Entscheidungsstichwort (Thema)
Asylbewerberleistung. Analogleistung. Hilfe zum Lebensunterhalt. Leistungsausschluss für Auszubildende. Vorliegen eines besonderen Härtefalles. Ungleichbehandlung mit Leistungsberechtigten nach dem SGB 2. sachliche Rechtfertigung
Leitsatz (amtlich)
Zum Ausschluss sog Analogleistungen nach § 2 Abs 1 AsylbLG iVm §§ 27ff SGB XII während einer dem Grunde nach förderungsfähigen Ausbildung.
Orientierungssatz
1. Zum unbestimmten Rechtsbegriff des "besonderen Härtefalles" in § 22 Abs 1 S 2 SGB 12.
2. Eine Ungleichbehandlung der nach § 2 AsylbLG anspruchsberechtigten Asylbewerber im Verhältnis zu den nach dem SGB 2 dem Grunde nach Leistungsberechtigten dürfte bereits in den unterschiedlichen Zwecken des AsylbLG einerseits sowie des SGB 2 andererseits eine hinreichende Rechtfertigung finden.
Normenkette
AsylbLG § 2 Abs. 1, § 1 Abs. 1 Nr. 1; SGB XII § 22 Abs. 1 Sätze 1-2, Abs. 2 Nrn. 1-3, §§ 27, 82 Abs. 2-3; SGB II § 7 Abs. 5, § 27 Abs. 4 S. 1; SGB III §§ 51, 57-58, 60, 62 Abs. 1; BAföG § 2 Abs. 1a, § 10 Abs. 3; BaföG § 12 Abs. 1 Nr. 1; BeschV § 32 Abs. 5 Nr. 2; GG Art. 3 Abs. 1; 9. Gesetz zur Änderung des SGB II Art. 3 Abs. 8; 9. Gesetz zur Änderung des SGB II Art. 3 Abs. 9; SGG § 73a Abs. 1 S. 1, § 86b Abs. 2 S. 2; ZPO § 119 Abs. 1 S. 2, §§ 114-115
Tenor
Auf die Beschwerde des Antragsgegners wird der Beschluss des Sozialgerichts Schleswig vom 14. August 2017 aufgehoben. Der Antrag auf Erlass einer einstweiligen Anordnung wird abgelehnt.

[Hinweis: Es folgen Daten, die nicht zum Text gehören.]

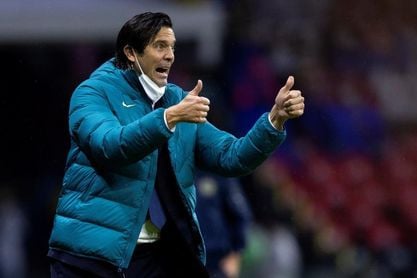 El América de Solari, líder, visita al León, sublíder, en esperado duelo El América de Solari, líder, visita al León, sublíder, en esperado duelo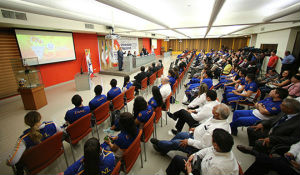 Es tiempo de la Universiada Nacional UANL 2015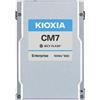 KIOXIA Serie CM7-R KCMYXRUG1T92 - SSD - Enterprise, Read Intensive - 1920GB - interno - 2,5" (6,4 cm) - PCI Express 5.0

Außergerichtliche Kosten des Antragstellers sind für beide Rechtszüge nicht zu erstatten.
Dem Antragsteller wird für das Beschwerdeverfahren ab Antragstellung Prozesskostenhilfe ohne Ratenzahlung unter Beiordnung von Rechtsanwalt … bewilligt.
Gründe
I.
Der Antragsteller begehrt vom Antragsgegner Leistungen nach § 2 Abs. 1 Asylbewerberleistungsgesetz (AsylbLG) i.V.m. den §§ 27 ff. Sozialgesetzbuch, Zwölftes Buch (SGB XII).
Der am …1984 geborene Antragsteller irakischer Staatsangehörigkeit reiste am 7. August 2015 in die Bundesrepublik Deutschland ein und beantragte Asyl. Ihm wurde eine Aufenthaltsgestattung zur Durchführung des Asylverfahrens ausgestellt.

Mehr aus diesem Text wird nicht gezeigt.